Hydrogenic retention in irradiated tungsten exposed to high-flux plasma

Two sets of identical tungsten (W) targets are irradiated at 300 K with 12.3 MeV W4+ ions to peak damage levels ranging from 0.5 to 10 displacements per atom (dpa). This results in a damage profile that is peaked at ~0.8 µm and extends to a depth of ~1.5 µm. Both sets of targets are exposed to high-density (ne,center = 3 × 1020 m−3), low-temperature (Te,center = 1.6 eV) deuterium (D) plasma in Pilot-PSI. One set of irradiated targets is exposed at high surface temperatures (TW = 950–680 K) and the other at low surface temperatures (TW = 480–340 K). The surface temperature is determined by the local plasma conditions. Nuclear reaction analysis (NRA) is used to determine the D depth profiles at specific radial locations, thus giving a surface temperature scan of the D retention in the damaged W. Global retention is determined by thermal desorption spectroscopy, which yields total D retained in the target and also gives information of the different types of lattice defects that are trapping the D in the W lattice. The main results are that there is no measurable difference between the different dpa levels, implying a saturation of the retention enhancement at a level ≤0.5 dpa. For both irradiated and unirradiated tungsten, a peak in the retention is seen at TW = 480 K; however, the W4+ irradiation clearly enhances the retention.
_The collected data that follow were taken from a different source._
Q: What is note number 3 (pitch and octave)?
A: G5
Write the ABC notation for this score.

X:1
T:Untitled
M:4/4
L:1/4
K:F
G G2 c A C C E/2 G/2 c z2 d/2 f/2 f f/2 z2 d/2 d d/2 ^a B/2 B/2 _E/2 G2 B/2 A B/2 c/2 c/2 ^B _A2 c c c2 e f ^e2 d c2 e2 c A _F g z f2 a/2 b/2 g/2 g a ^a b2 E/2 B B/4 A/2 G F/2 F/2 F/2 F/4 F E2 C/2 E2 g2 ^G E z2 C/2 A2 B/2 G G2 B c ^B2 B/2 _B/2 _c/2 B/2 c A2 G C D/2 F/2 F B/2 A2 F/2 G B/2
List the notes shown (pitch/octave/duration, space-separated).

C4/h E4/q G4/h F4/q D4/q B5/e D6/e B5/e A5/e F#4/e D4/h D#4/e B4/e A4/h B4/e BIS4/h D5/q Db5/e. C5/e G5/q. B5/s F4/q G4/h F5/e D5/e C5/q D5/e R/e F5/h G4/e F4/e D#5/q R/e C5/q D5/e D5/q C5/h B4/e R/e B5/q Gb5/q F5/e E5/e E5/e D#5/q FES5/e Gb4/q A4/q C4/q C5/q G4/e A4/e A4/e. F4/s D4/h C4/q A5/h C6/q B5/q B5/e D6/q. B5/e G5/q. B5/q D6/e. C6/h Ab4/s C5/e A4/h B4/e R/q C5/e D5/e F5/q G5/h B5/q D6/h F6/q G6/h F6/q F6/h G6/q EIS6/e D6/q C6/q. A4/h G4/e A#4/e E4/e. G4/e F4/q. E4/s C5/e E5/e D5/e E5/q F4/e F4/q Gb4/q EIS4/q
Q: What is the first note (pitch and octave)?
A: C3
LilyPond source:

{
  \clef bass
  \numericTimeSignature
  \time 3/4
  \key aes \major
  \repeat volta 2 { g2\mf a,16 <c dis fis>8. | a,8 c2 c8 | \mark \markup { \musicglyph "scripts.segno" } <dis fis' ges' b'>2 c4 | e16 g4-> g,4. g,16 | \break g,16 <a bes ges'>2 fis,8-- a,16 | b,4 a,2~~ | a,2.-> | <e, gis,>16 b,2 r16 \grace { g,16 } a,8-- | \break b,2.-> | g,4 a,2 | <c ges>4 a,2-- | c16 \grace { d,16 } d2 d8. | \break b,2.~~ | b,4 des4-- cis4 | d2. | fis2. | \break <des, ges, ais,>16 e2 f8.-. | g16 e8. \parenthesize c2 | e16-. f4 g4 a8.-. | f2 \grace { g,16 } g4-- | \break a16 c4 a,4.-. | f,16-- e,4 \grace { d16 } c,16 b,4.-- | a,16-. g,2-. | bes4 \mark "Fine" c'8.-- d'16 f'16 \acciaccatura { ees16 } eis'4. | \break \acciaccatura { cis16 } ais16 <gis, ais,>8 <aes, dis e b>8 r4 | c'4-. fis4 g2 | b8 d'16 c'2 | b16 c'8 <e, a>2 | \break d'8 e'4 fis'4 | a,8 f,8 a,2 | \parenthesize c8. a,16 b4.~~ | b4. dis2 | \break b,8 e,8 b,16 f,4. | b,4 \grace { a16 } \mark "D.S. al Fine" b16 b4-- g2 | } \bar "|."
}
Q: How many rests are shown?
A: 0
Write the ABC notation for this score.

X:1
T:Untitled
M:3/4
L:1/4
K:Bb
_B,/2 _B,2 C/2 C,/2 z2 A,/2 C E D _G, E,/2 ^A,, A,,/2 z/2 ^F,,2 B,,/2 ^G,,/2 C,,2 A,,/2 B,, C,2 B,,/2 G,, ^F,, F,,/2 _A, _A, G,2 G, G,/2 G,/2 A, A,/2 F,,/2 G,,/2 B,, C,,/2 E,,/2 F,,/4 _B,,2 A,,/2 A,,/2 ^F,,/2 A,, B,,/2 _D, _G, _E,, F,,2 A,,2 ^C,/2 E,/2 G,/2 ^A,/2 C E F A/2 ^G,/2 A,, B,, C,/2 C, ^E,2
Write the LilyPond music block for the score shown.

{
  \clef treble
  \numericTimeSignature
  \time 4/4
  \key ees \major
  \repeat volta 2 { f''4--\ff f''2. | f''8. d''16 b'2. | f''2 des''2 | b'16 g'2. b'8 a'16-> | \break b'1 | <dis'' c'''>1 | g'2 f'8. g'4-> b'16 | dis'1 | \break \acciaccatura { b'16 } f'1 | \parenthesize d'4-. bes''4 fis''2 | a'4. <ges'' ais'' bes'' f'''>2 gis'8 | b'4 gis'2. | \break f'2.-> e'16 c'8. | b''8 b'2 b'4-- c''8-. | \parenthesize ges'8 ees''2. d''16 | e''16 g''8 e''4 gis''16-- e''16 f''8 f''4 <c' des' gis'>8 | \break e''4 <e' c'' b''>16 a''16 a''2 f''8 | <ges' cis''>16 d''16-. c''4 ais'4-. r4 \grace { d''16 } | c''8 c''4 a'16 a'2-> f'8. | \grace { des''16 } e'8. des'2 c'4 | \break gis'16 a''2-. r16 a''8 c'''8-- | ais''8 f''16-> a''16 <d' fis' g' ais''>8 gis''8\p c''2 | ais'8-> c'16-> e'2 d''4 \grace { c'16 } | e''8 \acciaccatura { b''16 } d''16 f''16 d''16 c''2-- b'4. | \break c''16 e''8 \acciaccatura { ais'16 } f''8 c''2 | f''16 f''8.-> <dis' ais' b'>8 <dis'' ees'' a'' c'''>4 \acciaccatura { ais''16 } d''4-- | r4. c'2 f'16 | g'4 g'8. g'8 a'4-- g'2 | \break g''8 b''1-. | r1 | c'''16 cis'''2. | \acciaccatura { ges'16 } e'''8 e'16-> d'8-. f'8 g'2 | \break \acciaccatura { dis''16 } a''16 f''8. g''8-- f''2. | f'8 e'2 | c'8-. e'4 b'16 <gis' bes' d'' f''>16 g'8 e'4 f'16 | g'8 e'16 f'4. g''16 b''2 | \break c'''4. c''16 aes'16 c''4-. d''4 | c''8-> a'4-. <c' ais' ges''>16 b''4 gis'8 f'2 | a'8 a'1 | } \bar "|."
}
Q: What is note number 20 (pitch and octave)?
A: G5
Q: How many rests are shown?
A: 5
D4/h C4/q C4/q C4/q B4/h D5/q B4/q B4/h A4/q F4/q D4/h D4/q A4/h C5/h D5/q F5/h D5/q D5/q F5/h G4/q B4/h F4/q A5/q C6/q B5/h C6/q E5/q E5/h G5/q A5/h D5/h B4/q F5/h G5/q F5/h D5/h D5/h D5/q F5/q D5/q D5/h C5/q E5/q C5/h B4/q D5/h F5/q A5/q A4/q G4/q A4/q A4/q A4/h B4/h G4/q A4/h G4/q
This enhancement is also temperature dependent and increases with increasing surface temperature up to an enhancement by a factor of 15–23 at TW = 950 K. At the lowest surface temperatures, a fluence dependence appears since the implanted deuterium is diffusion limited to only a small fraction of the irradiated zone. TDS spectra show an enhancement of both low-energy trap sites and high-energy trap sites. For these conditions, diffusion-limited, low fill fraction trapping determines the hydrogenic retention of the W.